Le ton monta d'un cran. La relation entre Marone et son subordonné s'électrisa.

- Nicolas, calme-toi.

- Non !

- Si tu continue, je vais devoir te mettre à pied ! En as-tu conscience ? Merde à la fin !

- Et bien fais-le !

Plus rien.

- Il existe trop d'éléments à charge contre Lucas pour que je reste de marbre, conclut Marone croisant ses doigts sur la table, la voix encore marquée.
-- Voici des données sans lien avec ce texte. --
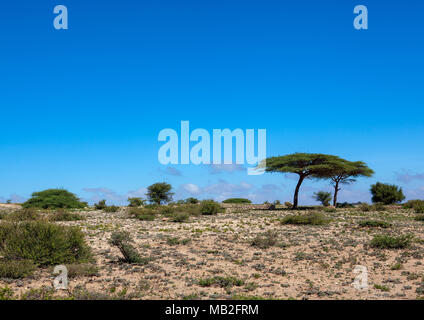 Acacias arbres du cheikh montagnes, Togdheer, Cheikh, le Somaliland Banque D'Images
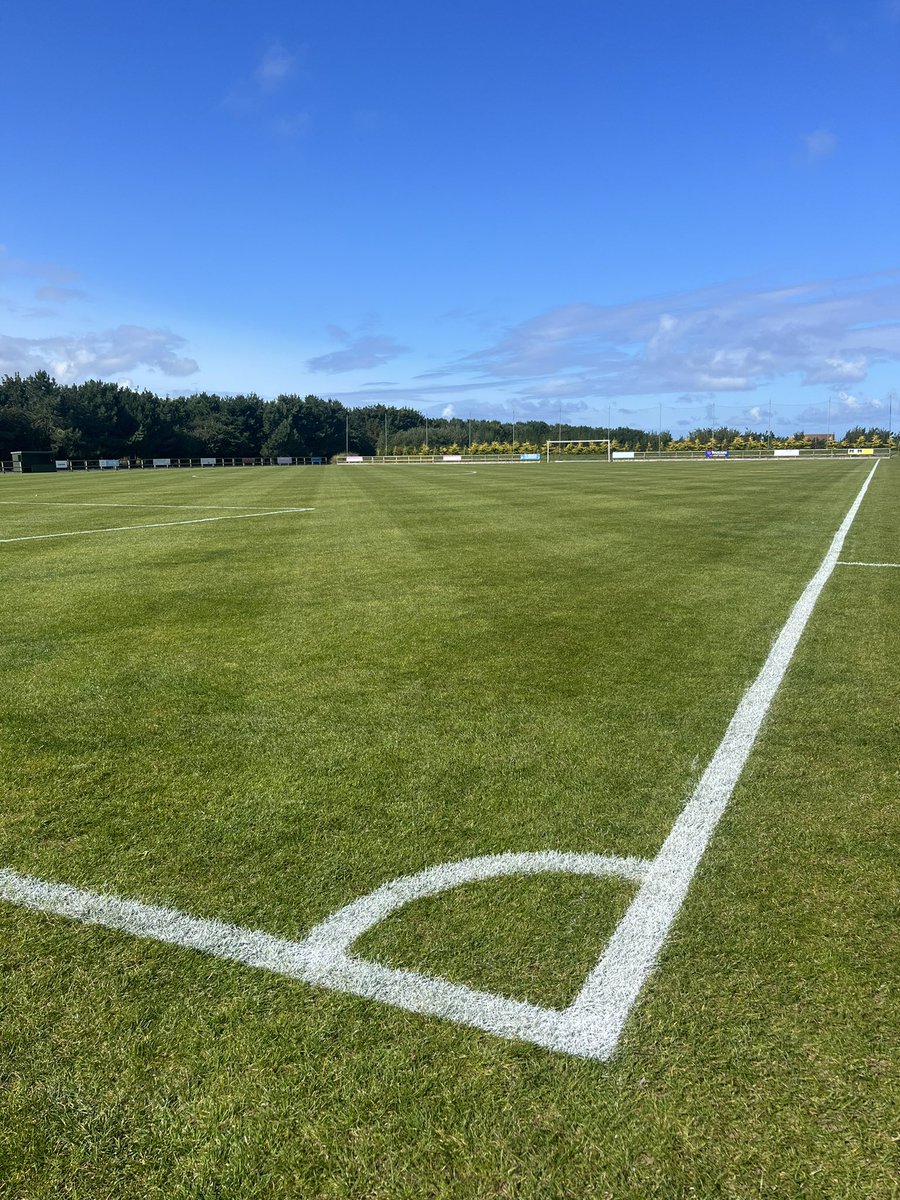 Regan Graham tweet media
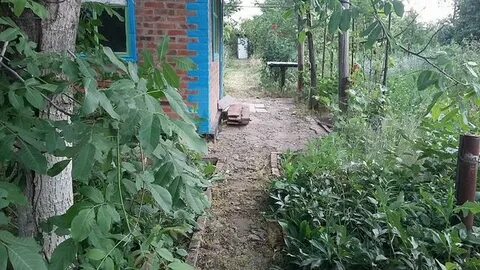 Сальск бровки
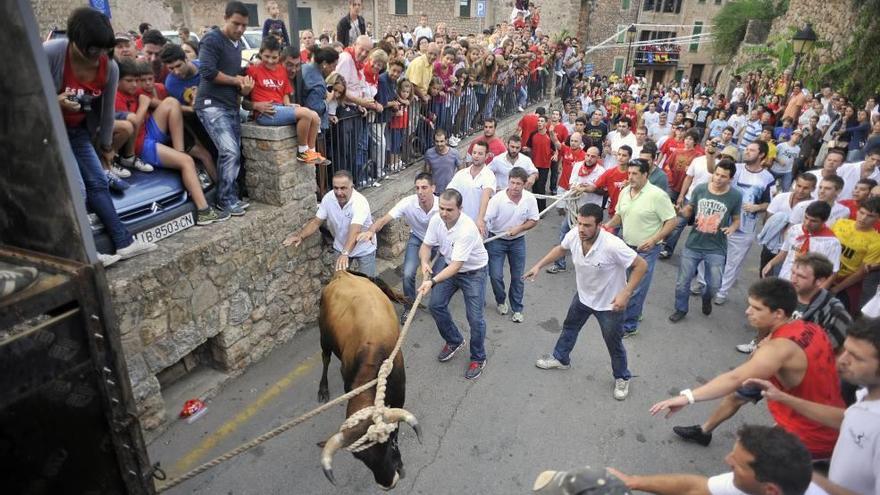 El ´correbou´ volverá a ser este año uno de los actos centrales de las fiestas.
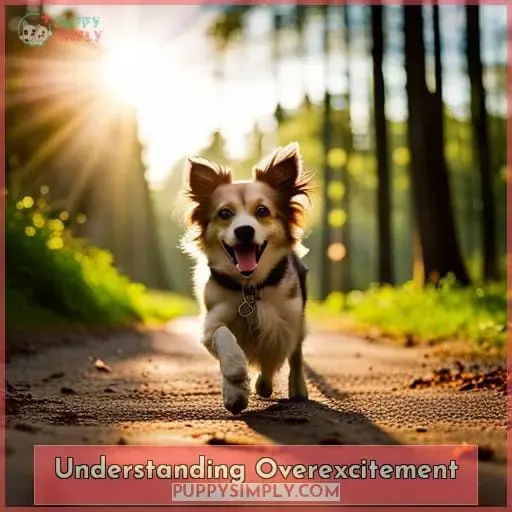 Understanding Overexcitement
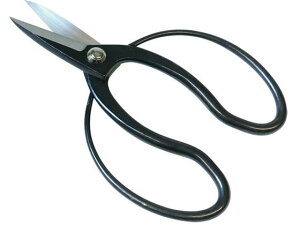 y}\2,000~N[|119:59|Cg2{zy񂹁z󍁍H v 192091 nT~ _ _Ǝ |pi Ɨpi H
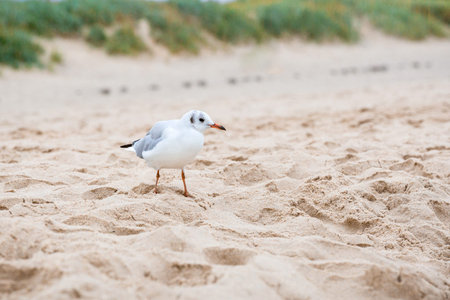 White sea gull on a sandy beach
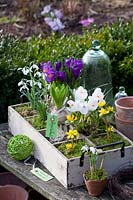 Rustic wooden box with bulbous plants, Galanthus nivalis, Eranthis hyemalis, Crocus vernus Jeanne d'Arc, Crocus vernus Flower Record, Hyacinthus 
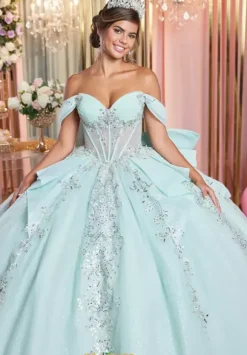 Vizcaya Quinceanera 89511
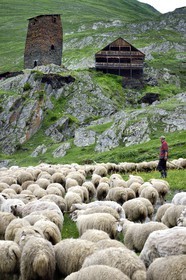 Géorgie, Kakheti, Parc national de Touchétie, vallée de la rivière Alazani dans les montagnes de Pirikiti, village de Parsma (Baso), berger et son troupeau de moutons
L'homme présenta plusieurs documents pour donner du crédit à ses paroles. Impossible de nier l'évidence. Le silence s'abattit sur la pièce. Ni l'un ni l'autre ne surent que dire. Nicolas Laville restait bouche bée, le regard vide. Les paroles de son supérieur résonnait encore et encore. Son monde s'écroulait, son fils n'avait aucune chance de s'en sortir. Tout l'accablait.

- J'ai déjà réussi à négocier avec le patron du 36 pour garder le dossier. Heureusement qu'ils sont débordés avec le soutien qu'ils apportent à la brigade anti-terrorisme. Mais déjà qu'ils le pourront, ils reprendront les choses en main.
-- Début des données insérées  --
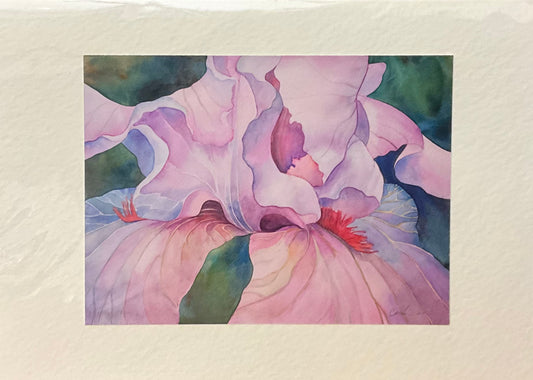 “Pink Iris” Note Card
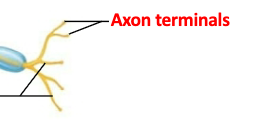 <p>What is the function of axon terminals?</p>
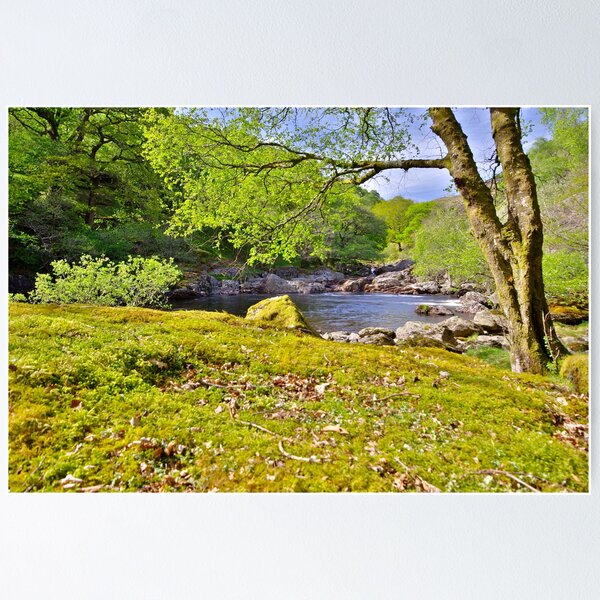 Artikel-Vorschau von Junction Pool, where the Doethie flows into the Tywi, designt und verkauft von Tarquin.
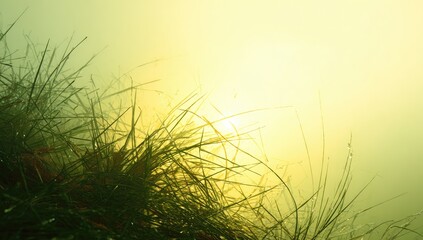 Obraz premium Lush green grass blades, bathed in soft, golden sunlight filtering through a misty atmosphere, creates a serene and peaceful scene.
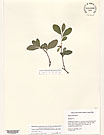 Herbarium sheet image thumbnail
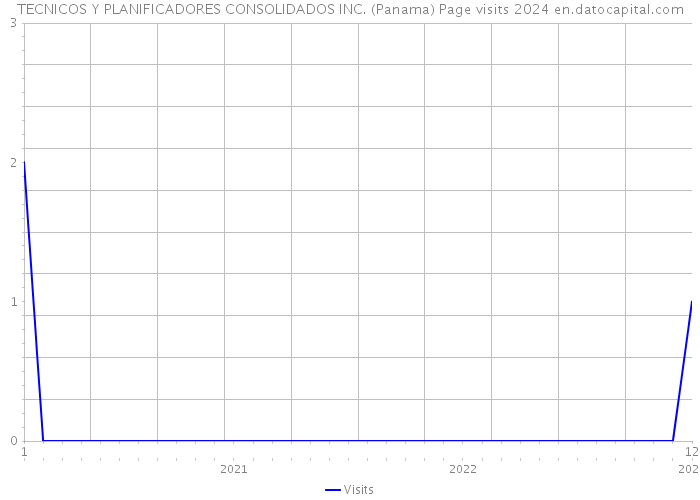 TECNICOS Y PLANIFICADORES CONSOLIDADOS INC. (Panama) Page visits 2024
Laville redressa la tête, son regard s'anima de nouveau. La colère, c'est ce que Marone y entraperçut. Tout était à présent bien plus clair. Son gendre. Il lui avait menti, et possédait une longueur d'avance sur lui. Il lui payerait cet affront.

Une ombre s'approcha de la porte, toqua et tourna la poignée. Le commissaire fit un signe du doigt, l'homme le lui rendit. Laville n'eut pas de réaction. Déplaçant son imposante masse vers l'officier, celui-ci lui chuchota à l'oreille quelques mots. Une tape sur l'épaule et l'homme quitta le bureau.
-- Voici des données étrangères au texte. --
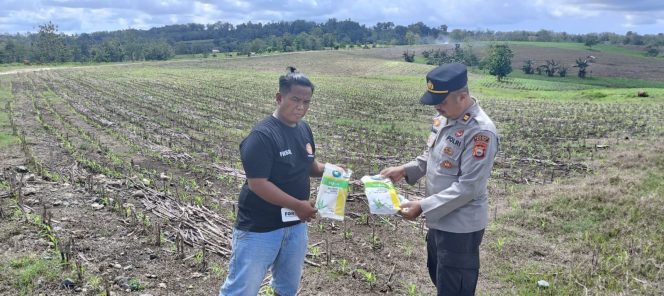 
 Kapolsek Ponre terjun langsung melakukan pengecekan terhadap lahan jagung PTPN PG arasoe didesa Bolli
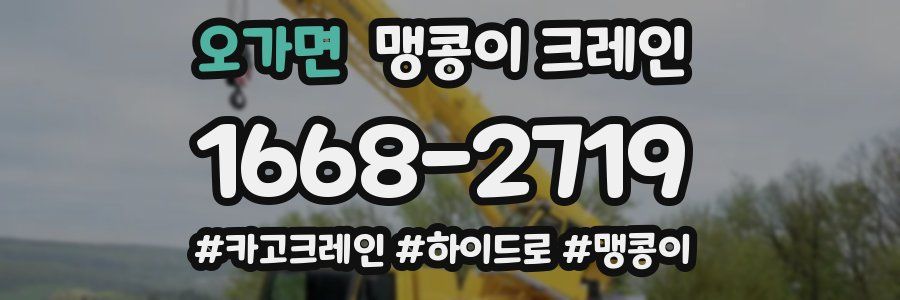 오가면 맹콩이 크레인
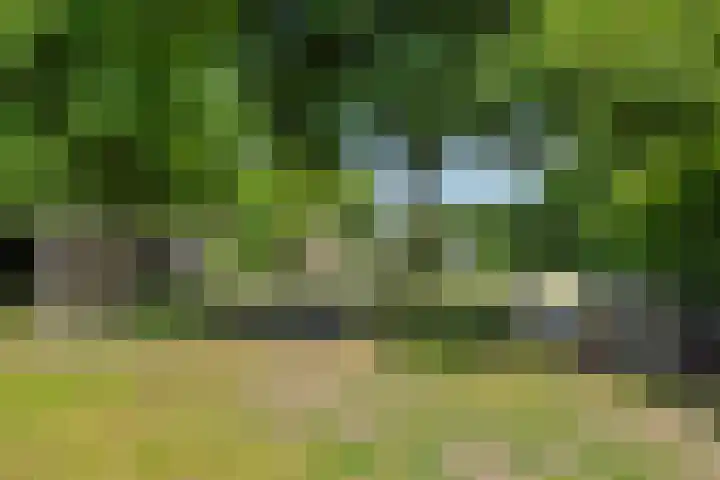 Slutelakker 38 Lierop thumbnail 32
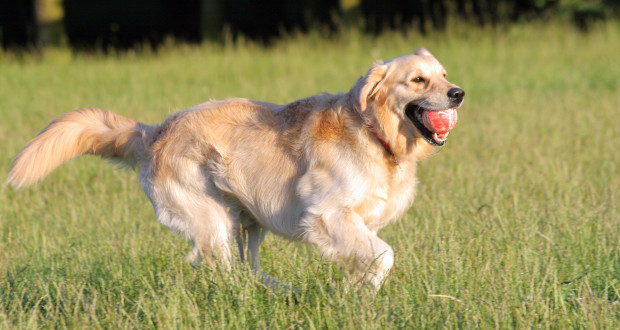 Golden Retriever Dog Playing With Ball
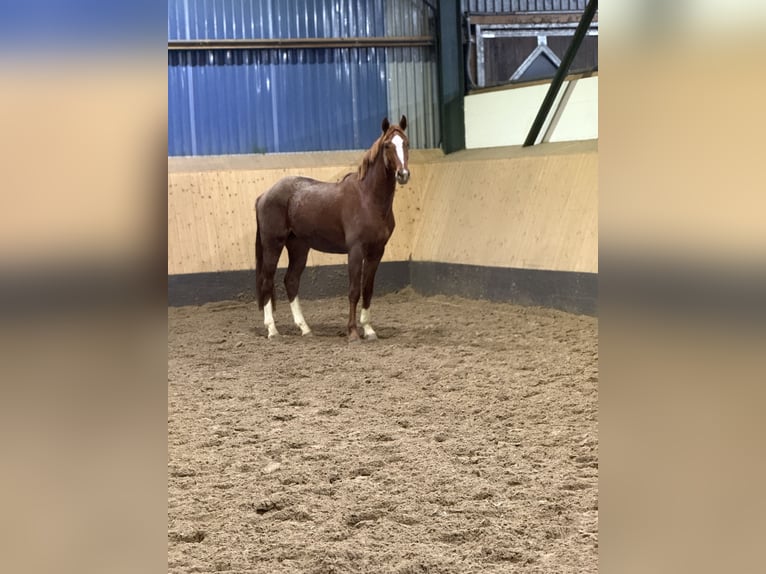 Hannover Castrone 3 Anni 166 cm Sauro in FarvenDeinstedt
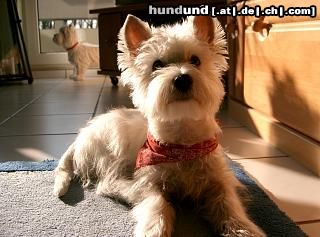 West Highland White Terrier Hunde Foto 10682 West Highland White Terrier Hey, ich bin Angie v. Olfener Schloß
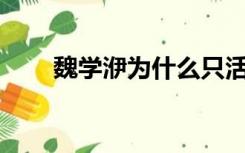 魏学洢为什么只活了29岁（魏学洢）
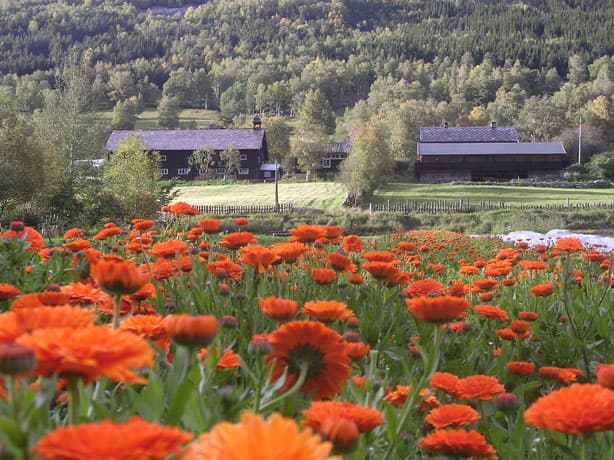 Aukrust Gard og Urteri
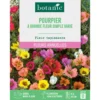 Graines de fleurs de Pourpier à grande fleur simple varié botanic®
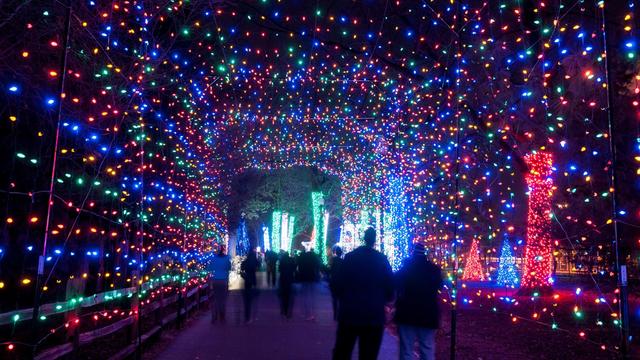 detroit-zoo-wild-lights.jpg 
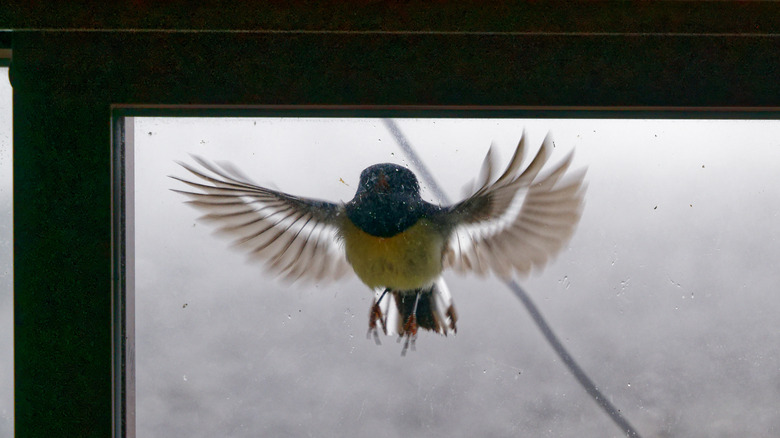 Bird flying at window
- Laisse-moi être de la partie Victor. S'il te plaît.

- Je ne peux pas. J'ai reçu des ordres et ils ont été très clair là-haut. Le moindre écart et ils feront tomber tout le monde. Toi, moi, et n'importe qui s'il le faut.

- Je n'ai pas peur de ces truffes. Qui prend les commandes ?

- Charles et moi-même.

- Le petit Dupuis ? Il n'a pas l'expérience pour ce genre d'affaire, tu le sais.

Il ne répondit pas. Pauvre Laville, j'aimerais sincèrement t'aider. Il reprit avec le cas du fils.

- Lucas est en route. Je te demanderai de ne pas interférer dans le déroulement de l'enquête Nicolas.

- Vous m'emmerdez tous ! C'est de mon fils que l'on parle !

- M'as-tu compris ?

Le flic ne bougea pas d'un centimètre. Son visage était rempli de haine. Il aurait pu perdre le contrôle à tout moment s'il n'avait pas été un flic professionnel. Il se leva, posa ses mains sur le bureau et transperça Marone de son regard. Sa respiration était prononcée.

Il prit son arme, son badge et les déposa sur le bureau. Se levant et se retournant, Laville s'avança vers la porte sous le regard médusé du commissaire. La main sur la poignée de la porte, il marque un temps d'arrêt. Une larme coula le long de sa joue, s'écrasant sur le sol. Il n'y en aurait pas d'autre.

La porte s'ouvrit et l'inspecteur quitta le bureau.